Problem to work on:
Each line below should be retyped exactly, with no pictures.

Exercise data:

● ● ● ● ●

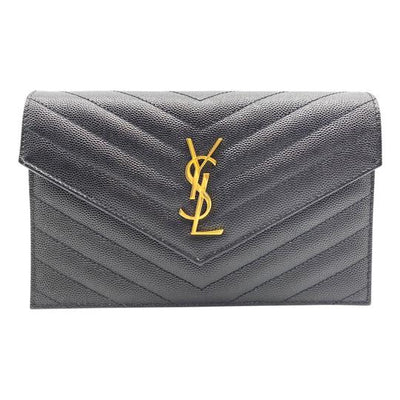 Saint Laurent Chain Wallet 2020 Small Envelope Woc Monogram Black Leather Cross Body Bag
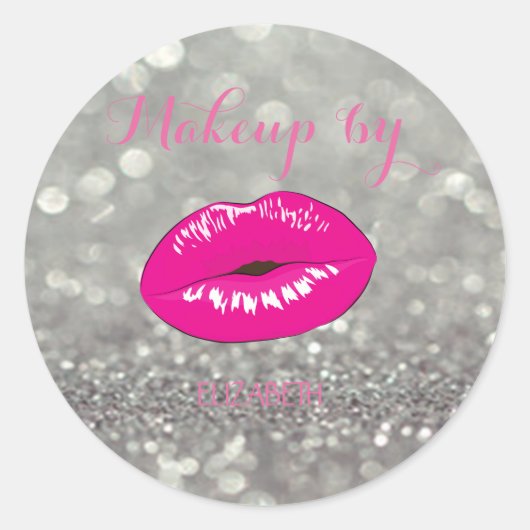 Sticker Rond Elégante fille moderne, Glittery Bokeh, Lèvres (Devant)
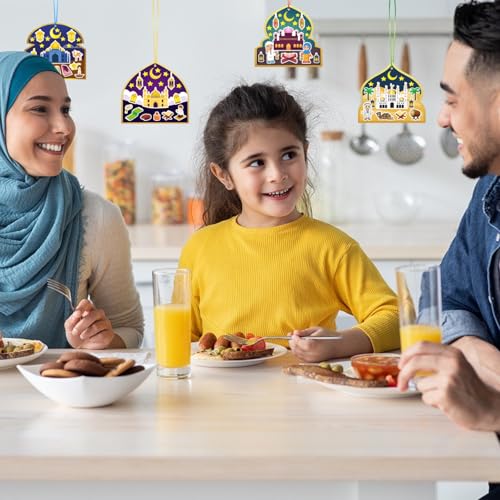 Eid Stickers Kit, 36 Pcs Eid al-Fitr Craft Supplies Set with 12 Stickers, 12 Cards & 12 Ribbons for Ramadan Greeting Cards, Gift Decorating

● ● ● ● ●

Exercise output:
 Saint Laurent Chain Wallet 2020 Small Envelope Woc Monogram Black Leather Cross Body Bag
 Sticker Rond Elégante fille moderne, Glittery Bokeh, Lèvres (Devant)
 Eid Stickers Kit, 36 Pcs Eid al-Fitr Craft Supplies Set with 12 Stickers, 12 Cards & 12 Ribbons for Ramadan Greeting Cards, Gift Decorating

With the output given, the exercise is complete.